*ABOUT THIS TASK:* Only the lines below from the one that holds "Cover of the book LA PETITE ENTREPRISE" through the one that holds "Simple Tile Genuine" should appear in the answer, copied exactly, end lines included and pictures omitted.

*WORKING DATA:*
##############################

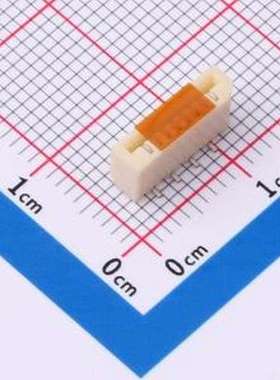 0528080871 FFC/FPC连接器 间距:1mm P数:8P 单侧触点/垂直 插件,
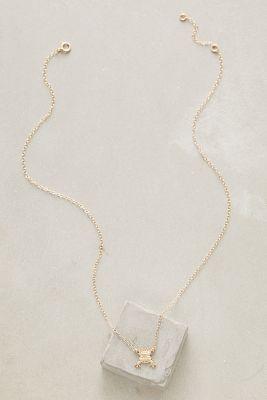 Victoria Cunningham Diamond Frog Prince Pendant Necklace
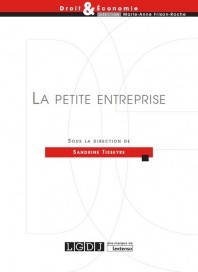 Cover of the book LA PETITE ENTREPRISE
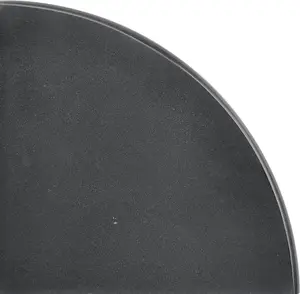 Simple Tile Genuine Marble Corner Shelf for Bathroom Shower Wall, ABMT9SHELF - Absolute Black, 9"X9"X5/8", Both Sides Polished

##############################

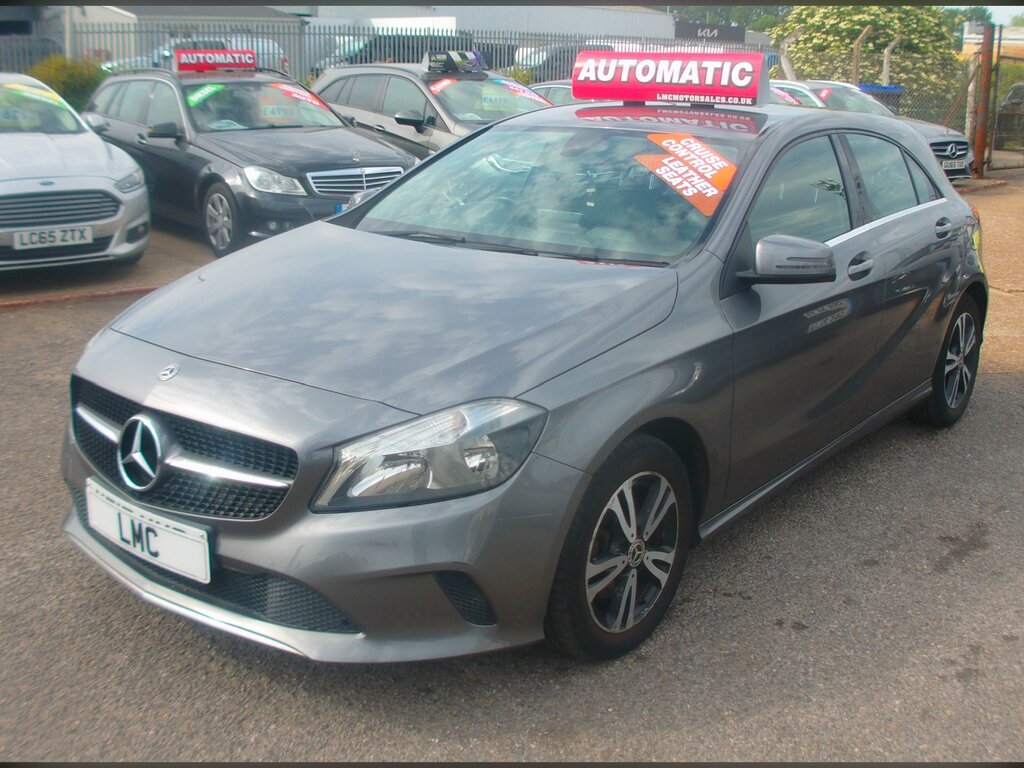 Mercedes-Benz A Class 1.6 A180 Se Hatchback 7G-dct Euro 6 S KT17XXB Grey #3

##############################

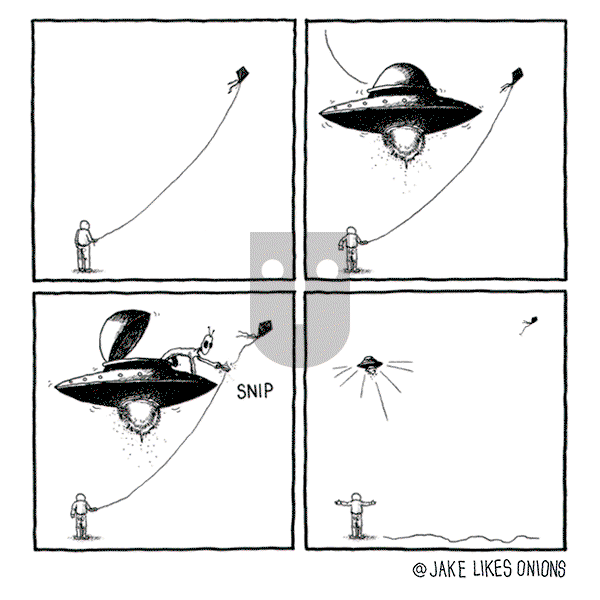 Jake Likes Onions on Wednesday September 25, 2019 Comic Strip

##############################

*SOLUTION TO THIS PROBLEM:*
 Cover of the book LA PETITE ENTREPRISE
 Simple Tile Genuine Marble Corner Shelf for Bathroom Shower Wall, ABMT9SHELF - Absolute Black, 9"X9"X5/8", Both Sides Polished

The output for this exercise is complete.